[Extracted records]
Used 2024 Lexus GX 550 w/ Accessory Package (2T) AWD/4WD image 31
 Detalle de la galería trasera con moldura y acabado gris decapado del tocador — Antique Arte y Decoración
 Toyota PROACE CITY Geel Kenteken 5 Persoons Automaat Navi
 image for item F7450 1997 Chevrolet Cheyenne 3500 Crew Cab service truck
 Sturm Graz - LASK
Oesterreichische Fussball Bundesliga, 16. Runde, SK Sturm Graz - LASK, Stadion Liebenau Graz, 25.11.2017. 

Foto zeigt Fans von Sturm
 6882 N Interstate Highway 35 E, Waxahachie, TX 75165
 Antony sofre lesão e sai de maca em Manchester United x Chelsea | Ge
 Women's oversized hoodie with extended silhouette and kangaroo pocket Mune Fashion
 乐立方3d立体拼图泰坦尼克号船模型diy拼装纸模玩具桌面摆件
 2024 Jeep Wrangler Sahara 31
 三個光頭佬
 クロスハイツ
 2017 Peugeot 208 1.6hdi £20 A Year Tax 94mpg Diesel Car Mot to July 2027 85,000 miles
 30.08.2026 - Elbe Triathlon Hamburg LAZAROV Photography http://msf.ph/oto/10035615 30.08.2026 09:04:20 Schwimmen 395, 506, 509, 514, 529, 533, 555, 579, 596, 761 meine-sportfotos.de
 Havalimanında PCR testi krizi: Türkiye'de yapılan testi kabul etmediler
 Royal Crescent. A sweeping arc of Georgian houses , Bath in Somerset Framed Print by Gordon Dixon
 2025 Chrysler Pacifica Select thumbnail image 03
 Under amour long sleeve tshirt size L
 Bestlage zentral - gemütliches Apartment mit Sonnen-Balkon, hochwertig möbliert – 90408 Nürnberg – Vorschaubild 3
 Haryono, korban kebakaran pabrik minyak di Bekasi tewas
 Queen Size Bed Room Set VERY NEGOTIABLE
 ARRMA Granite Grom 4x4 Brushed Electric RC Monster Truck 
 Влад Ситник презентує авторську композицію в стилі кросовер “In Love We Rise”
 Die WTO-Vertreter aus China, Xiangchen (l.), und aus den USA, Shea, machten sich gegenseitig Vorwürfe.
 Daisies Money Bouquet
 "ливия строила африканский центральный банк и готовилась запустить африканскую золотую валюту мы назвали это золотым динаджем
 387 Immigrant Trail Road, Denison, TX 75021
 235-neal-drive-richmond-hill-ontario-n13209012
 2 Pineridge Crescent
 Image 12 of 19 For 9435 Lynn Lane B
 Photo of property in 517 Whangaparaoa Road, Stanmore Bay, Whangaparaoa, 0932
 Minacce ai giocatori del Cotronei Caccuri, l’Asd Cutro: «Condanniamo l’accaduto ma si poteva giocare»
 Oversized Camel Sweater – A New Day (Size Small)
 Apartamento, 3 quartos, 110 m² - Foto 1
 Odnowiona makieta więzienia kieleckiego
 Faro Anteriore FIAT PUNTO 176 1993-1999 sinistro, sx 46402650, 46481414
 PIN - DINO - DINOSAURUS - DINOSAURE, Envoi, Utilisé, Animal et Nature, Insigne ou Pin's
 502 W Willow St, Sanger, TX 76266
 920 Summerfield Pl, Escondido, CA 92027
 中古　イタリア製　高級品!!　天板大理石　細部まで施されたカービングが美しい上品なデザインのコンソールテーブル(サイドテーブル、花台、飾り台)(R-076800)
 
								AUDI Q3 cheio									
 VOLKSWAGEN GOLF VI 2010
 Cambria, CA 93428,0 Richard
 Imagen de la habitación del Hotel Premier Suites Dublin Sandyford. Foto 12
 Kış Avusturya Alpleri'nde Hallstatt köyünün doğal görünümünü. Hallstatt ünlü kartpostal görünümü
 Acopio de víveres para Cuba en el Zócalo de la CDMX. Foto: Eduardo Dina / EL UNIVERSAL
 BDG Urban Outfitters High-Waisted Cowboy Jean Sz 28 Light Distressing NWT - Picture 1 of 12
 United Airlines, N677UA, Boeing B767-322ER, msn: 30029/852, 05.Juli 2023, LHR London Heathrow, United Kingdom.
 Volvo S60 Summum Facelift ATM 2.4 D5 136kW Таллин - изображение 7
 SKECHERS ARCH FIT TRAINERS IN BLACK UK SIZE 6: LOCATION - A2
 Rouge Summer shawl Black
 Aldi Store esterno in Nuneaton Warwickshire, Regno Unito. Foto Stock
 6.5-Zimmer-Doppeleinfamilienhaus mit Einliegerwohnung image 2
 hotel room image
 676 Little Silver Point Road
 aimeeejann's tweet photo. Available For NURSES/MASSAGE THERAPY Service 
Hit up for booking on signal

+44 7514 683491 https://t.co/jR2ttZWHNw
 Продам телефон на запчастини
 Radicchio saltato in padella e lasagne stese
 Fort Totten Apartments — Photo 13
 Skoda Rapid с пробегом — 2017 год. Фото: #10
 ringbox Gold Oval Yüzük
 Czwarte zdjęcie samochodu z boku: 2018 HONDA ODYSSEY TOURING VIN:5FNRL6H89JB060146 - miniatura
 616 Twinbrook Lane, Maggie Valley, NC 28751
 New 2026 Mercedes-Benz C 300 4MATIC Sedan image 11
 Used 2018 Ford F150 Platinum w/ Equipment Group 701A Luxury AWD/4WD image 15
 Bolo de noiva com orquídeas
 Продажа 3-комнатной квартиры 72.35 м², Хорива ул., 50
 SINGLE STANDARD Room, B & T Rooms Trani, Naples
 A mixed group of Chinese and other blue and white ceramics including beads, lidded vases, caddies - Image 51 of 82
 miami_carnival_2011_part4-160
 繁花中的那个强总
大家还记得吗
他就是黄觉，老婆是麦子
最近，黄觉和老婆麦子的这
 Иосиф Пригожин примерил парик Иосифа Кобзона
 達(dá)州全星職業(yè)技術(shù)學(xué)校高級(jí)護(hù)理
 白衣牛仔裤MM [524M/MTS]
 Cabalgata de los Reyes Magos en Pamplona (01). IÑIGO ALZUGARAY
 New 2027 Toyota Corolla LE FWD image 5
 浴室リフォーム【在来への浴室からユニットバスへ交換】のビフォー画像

**Work to complete**:
After reading the data above, print it all again exactly.

**Completed exercise**:
Used 2024 Lexus GX 550 w/ Accessory Package (2T) AWD/4WD image 31
 Detalle de la galería trasera con moldura y acabado gris decapado del tocador — Antique Arte y Decoración
 Toyota PROACE CITY Geel Kenteken 5 Persoons Automaat Navi
 image for item F7450 1997 Chevrolet Cheyenne 3500 Crew Cab service truck
 Sturm Graz - LASK
Oesterreichische Fussball Bundesliga, 16. Runde, SK Sturm Graz - LASK, Stadion Liebenau Graz, 25.11.2017. 

Foto zeigt Fans von Sturm
 6882 N Interstate Highway 35 E, Waxahachie, TX 75165
 Antony sofre lesão e sai de maca em Manchester United x Chelsea | Ge
 Women's oversized hoodie with extended silhouette and kangaroo pocket Mune Fashion
 乐立方3d立体拼图泰坦尼克号船模型diy拼装纸模玩具桌面摆件
 2024 Jeep Wrangler Sahara 31
 三個光頭佬
 クロスハイツ
 2017 Peugeot 208 1.6hdi £20 A Year Tax 94mpg Diesel Car Mot to July 2027 85,000 miles
 30.08.2026 - Elbe Triathlon Hamburg LAZAROV Photography http://msf.ph/oto/10035615 30.08.2026 09:04:20 Schwimmen 395, 506, 509, 514, 529, 533, 555, 579, 596, 761 meine-sportfotos.de
 Havalimanında PCR testi krizi: Türkiye'de yapılan testi kabul etmediler
 Royal Crescent. A sweeping arc of Georgian houses , Bath in Somerset Framed Print by Gordon Dixon
 2025 Chrysler Pacifica Select thumbnail image 03
 Under amour long sleeve tshirt size L
 Bestlage zentral - gemütliches Apartment mit Sonnen-Balkon, hochwertig möbliert – 90408 Nürnberg – Vorschaubild 3
 Haryono, korban kebakaran pabrik minyak di Bekasi tewas
 Queen Size Bed Room Set VERY NEGOTIABLE
 ARRMA Granite Grom 4x4 Brushed Electric RC Monster Truck 
 Влад Ситник презентує авторську композицію в стилі кросовер “In Love We Rise”
 Die WTO-Vertreter aus China, Xiangchen (l.), und aus den USA, Shea, machten sich gegenseitig Vorwürfe.
 Daisies Money Bouquet
 "ливия строила африканский центральный банк и готовилась запустить африканскую золотую валюту мы назвали это золотым динаджем
 387 Immigrant Trail Road, Denison, TX 75021
 235-neal-drive-richmond-hill-ontario-n13209012
 2 Pineridge Crescent
 Image 12 of 19 For 9435 Lynn Lane B
 Photo of property in 517 Whangaparaoa Road, Stanmore Bay, Whangaparaoa, 0932
 Minacce ai giocatori del Cotronei Caccuri, l’Asd Cutro: «Condanniamo l’accaduto ma si poteva giocare»
 Oversized Camel Sweater – A New Day (Size Small)
 Apartamento, 3 quartos, 110 m² - Foto 1
 Odnowiona makieta więzienia kieleckiego
 Faro Anteriore FIAT PUNTO 176 1993-1999 sinistro, sx 46402650, 46481414
 PIN - DINO - DINOSAURUS - DINOSAURE, Envoi, Utilisé, Animal et Nature, Insigne ou Pin's
 502 W Willow St, Sanger, TX 76266
 920 Summerfield Pl, Escondido, CA 92027
 中古　イタリア製　高級品!!　天板大理石　細部まで施されたカービングが美しい上品なデザインのコンソールテーブル(サイドテーブル、花台、飾り台)(R-076800)
 
								AUDI Q3 cheio									
 VOLKSWAGEN GOLF VI 2010
 Cambria, CA 93428,0 Richard
 Imagen de la habitación del Hotel Premier Suites Dublin Sandyford. Foto 12
 Kış Avusturya Alpleri'nde Hallstatt köyünün doğal görünümünü. Hallstatt ünlü kartpostal görünümü
 Acopio de víveres para Cuba en el Zócalo de la CDMX. Foto: Eduardo Dina / EL UNIVERSAL
 BDG Urban Outfitters High-Waisted Cowboy Jean Sz 28 Light Distressing NWT - Picture 1 of 12
 United Airlines, N677UA, Boeing B767-322ER, msn: 30029/852, 05.Juli 2023, LHR London Heathrow, United Kingdom.
 Volvo S60 Summum Facelift ATM 2.4 D5 136kW Таллин - изображение 7
 SKECHERS ARCH FIT TRAINERS IN BLACK UK SIZE 6: LOCATION - A2
 Rouge Summer shawl Black
 Aldi Store esterno in Nuneaton Warwickshire, Regno Unito. Foto Stock
 6.5-Zimmer-Doppeleinfamilienhaus mit Einliegerwohnung image 2
 hotel room image
 676 Little Silver Point Road
 aimeeejann's tweet photo. Available For NURSES/MASSAGE THERAPY Service 
Hit up for booking on signal

+44 7514 683491 https://t.co/jR2ttZWHNw
 Продам телефон на запчастини
 Radicchio saltato in padella e lasagne stese
 Fort Totten Apartments — Photo 13
 Skoda Rapid с пробегом — 2017 год. Фото: #10
 ringbox Gold Oval Yüzük
 Czwarte zdjęcie samochodu z boku: 2018 HONDA ODYSSEY TOURING VIN:5FNRL6H89JB060146 - miniatura
 616 Twinbrook Lane, Maggie Valley, NC 28751
 New 2026 Mercedes-Benz C 300 4MATIC Sedan image 11
 Used 2018 Ford F150 Platinum w/ Equipment Group 701A Luxury AWD/4WD image 15
 Bolo de noiva com orquídeas
 Продажа 3-комнатной квартиры 72.35 м², Хорива ул., 50
 SINGLE STANDARD Room, B & T Rooms Trani, Naples
 A mixed group of Chinese and other blue and white ceramics including beads, lidded vases, caddies - Image 51 of 82
 miami_carnival_2011_part4-160
 繁花中的那个强总
大家还记得吗
他就是黄觉，老婆是麦子
最近，黄觉和老婆麦子的这
 Иосиф Пригожин примерил парик Иосифа Кобзона
 達(dá)州全星職業(yè)技術(shù)學(xué)校高級(jí)護(hù)理
 白衣牛仔裤MM [524M/MTS]
 Cabalgata de los Reyes Magos en Pamplona (01). IÑIGO ALZUGARAY
 New 2027 Toyota Corolla LE FWD image 5
 浴室リフォーム【在来への浴室からユニットバスへ交換】のビフォー画像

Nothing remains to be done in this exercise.